Open Source ETL tools vs Commercial ETL tools

Figure 1: Simple schematic for a data warehous...Image via Wikipedia
Recently I have been asked by my company to make a case for open-source ETL-data integration tools as an alternative for the commercial data integration tool, Informatica PowerCenter.
So I did a lot of research and I'm going to try my best, considering I have never used the open-source tools nor the commercial one.

I found plenty of information about comparisons between Pentaho Kettle and Talend, which were 2 of the open-source tools I was supposed to research.
Now, without getting in a big arguement (or matt casters posting on my blog), I'd like to attempt to compare the two, very briefly.
And again, this is ONLY from the research I did online and not based on my experience using the tools (since I dont really have any).


Pentaho Kettle vs Talend


Pentaho
Pentaho is a commerical open-source BI suite that has a product called Kettle for data integration.
It uses an innovative meta-driven approach and has a strong and very easy-to-use GUI.
The company started around 2001 (2002 was when kettle was integrated into it).
It has a strong community of 13,500 registered users.
It has a stand-alone java engine that process the jobs and tasks for moving data between many different databases and files.
It can schedule tasks (but you need a schedular for that - cron).
It can run remote jobs on "slave servers" on other machines.
It has data quality features: from its own GUI, writing more customised SQL queries, Javascript and regular expressions.


Talend
Talend is an open-source data integration tool (not a full BI suite).
It uses a code-generating approach. Uses a GUI, but within Eclipse RC.
It started around October 2006
It has a much smaller community then Pentaho but has 2 finance companies supporting it.
It generates java or perl code which you later run on your server.
It can schedule tasks (also with using schedulars like cron).
It has data quality features: from its own GUI, writing more customised SQL queries and Java.

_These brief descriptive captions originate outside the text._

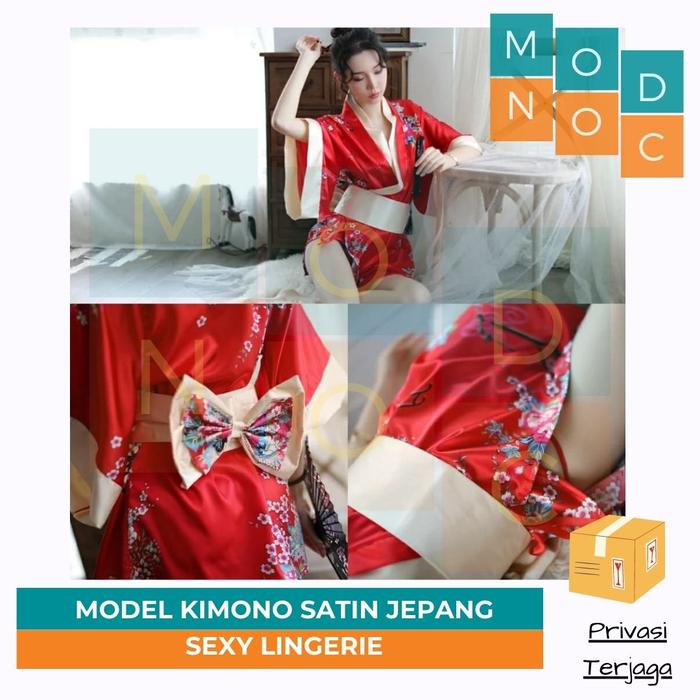 Gambar Sexy Lingerie Wanita Model Kimono Satin Jepang + G String - Baju Tidur - Merah dari Modnoc Store undefined Tokopedia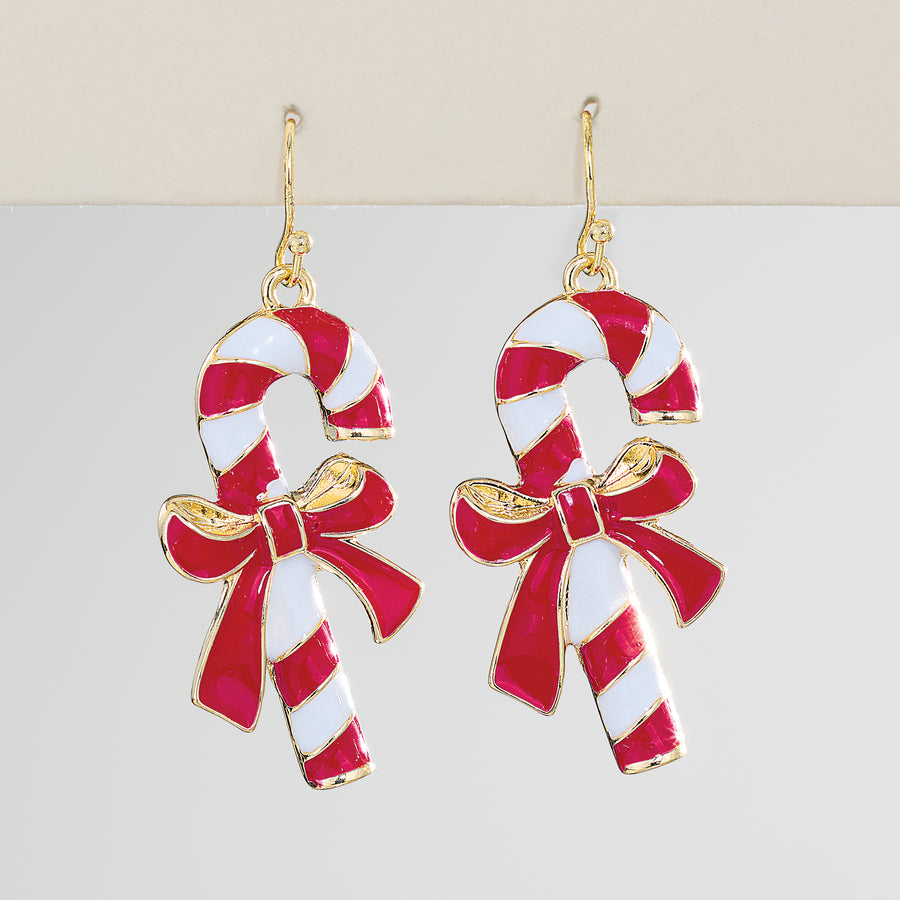 Candy Cane Holiday Earrings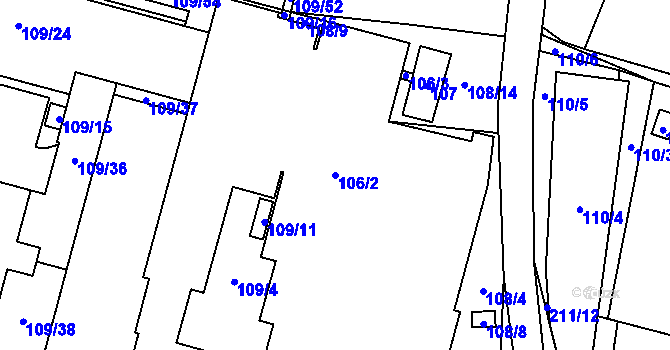 Parcela st. 106/2 v KÚ Popůvky u Kojetína, Katastrální mapa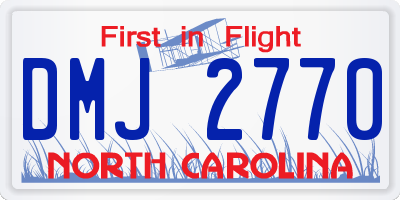 NC license plate DMJ2770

Comparison - (from my understanding)
Pentaho is faster (twice as fast maybe) then Talend.
Pentaho's GUI is easier to use then Talend's GUI and takes less time to learn.


My impression
Pentaho is easier to use because of its GUI.
Talend is more a tool for people who are making already a Java program and want to save lots and lots of time with a tool that generates code for them.



Assuming Pentaho made it to the next round....

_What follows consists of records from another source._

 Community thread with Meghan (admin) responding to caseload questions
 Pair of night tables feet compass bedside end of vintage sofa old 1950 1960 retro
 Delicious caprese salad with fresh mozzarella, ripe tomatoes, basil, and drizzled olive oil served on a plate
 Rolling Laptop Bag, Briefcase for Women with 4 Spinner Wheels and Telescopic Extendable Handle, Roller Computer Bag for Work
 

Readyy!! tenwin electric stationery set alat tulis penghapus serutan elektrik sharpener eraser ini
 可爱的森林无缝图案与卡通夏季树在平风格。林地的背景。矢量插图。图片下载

Pentaho Kettle vs Informatica

Informatica
Informatica is a very good commercial data integration suite.
It was founded in 1993
It is the market share leader in data integration (Gartner Dataquest)
It has 2600 customers. Of those, there are fortune 100 companies, companies on the Dow Jones and government organization.
The company's sole focus is data integration.
It has quite a big package for enterprises to integrate their systems, cleanse their data and can connect to a vast number of current and legacy systems.
Its very expensive, will require training some of your staff to use it and probably require hiring consultants as well. (I hear Informatica consultants are well paid).
Its very fast and can scale for large systems. It has "Pushdown Optimization" which uses an ELT approach that uses the source database to do the transforming - like Oracle Warehouse Builder.


Comparison
Pentaho's Javascipt is very powerful when writing transformation tasks.
Informatica has many more enterprise features, for example, load balancing between database servers.
Pentaho's GUI requires less training then Informatica.
Penatho doesn't require huge upfront costs as Informatica does. (that part you saw coming, I'm sure)
(edited)Informatica is faster then Pentaho. Infromatica has Pushdown Optimization, but with some tweaking to Pentaho and some knowledge of the source database, you can improve the speed of Pentaho. (also see line below)
(new)You can place Pentaho Kettle on many different servers (as many as you like, its free) and use it as a cluster.
Informatica has much better monitoring tools then Pentaho.


My Impression
Informatica is a really good enterprise ETL suite, but is very big and expensive.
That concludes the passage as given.